Thursday, November 24, 2011

the MILF story

I'm shockingly ignorant. It appears everyone knows this term but me. Even my daughter (I've heard tell) has referred to someone as MILFy. Not in front of me of course, but I have it on good authority.

So. I was away for the weekend down the road from Asilomar with a friend. Long walks. Books to read. More long walks. Papers to avoid grading. Paper to write for the Anthropology meetings in Montréal. Scrabble. Birthday (hers) dinner. More long walks.

We had a nice dull time of it. Didn't even go on pilgrimage down to Big Sur. Not even Carmel. And only once to Monterey. And that's what we were there to do: nothing.

But after a while, nothing needs a little help.

The traditional nothing to do is, of course TV and the movies. And there was a big screen in the room. The typical number of choices: never enough. Never what you're looking for. Never what you feel like watching.

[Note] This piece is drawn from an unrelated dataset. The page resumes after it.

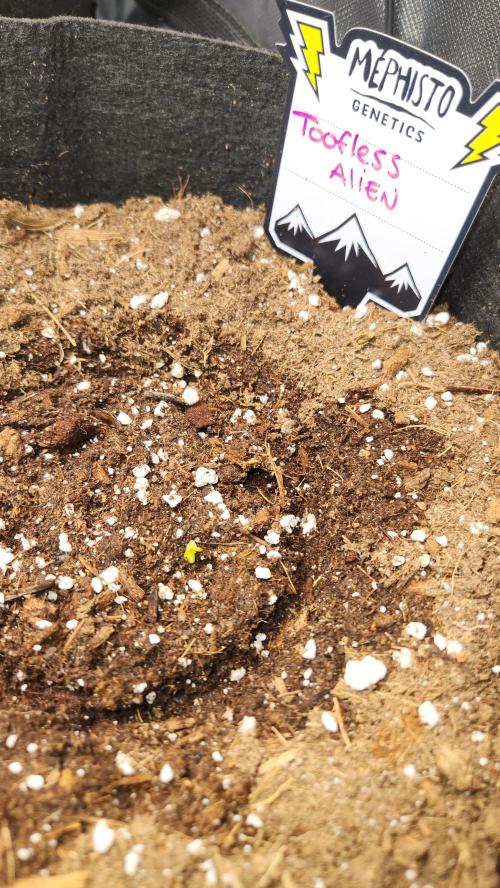 Can't Stop Won't Stop. Week 0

The point being, really, that we didn't agree on what to watch. But it was either TV or grade more papers. Or play more Scrabble. Or—

I suggested it.

She, of course, was horrified.

Being an anthropologist, you can justify just about anything as research.  So. Call it research rather than utter boredom or avoidance of work. But I took over the remote and checked out the Adult Movie Selections.

And it was nothing but MILF.

I mean, what the hell was that?  The teaser pictures on each selection was not any help in trying to figure it out.

Did M stand for 'male' and F stand for 'female'?  If so, I tried to work out what the letters in-between might mean.

Male Israeli Lebanese Female?

That's all I could come up with. Okay, that would be my mind not in keeping with the American wet dream. We were both completely mystified.

But wait!  I had my computer with me. The computer I was working on to finish up the conference paper.

"Don't use that!" she said. "You could end up with a virus on your computer!"

Yikes. A sexually transmitted disease attacking my computer? That would be a bad thing.

I picked up my iPhone instead.  Somehow feeling that Apple would protect the sacred little hand job object. And I looked up MILF.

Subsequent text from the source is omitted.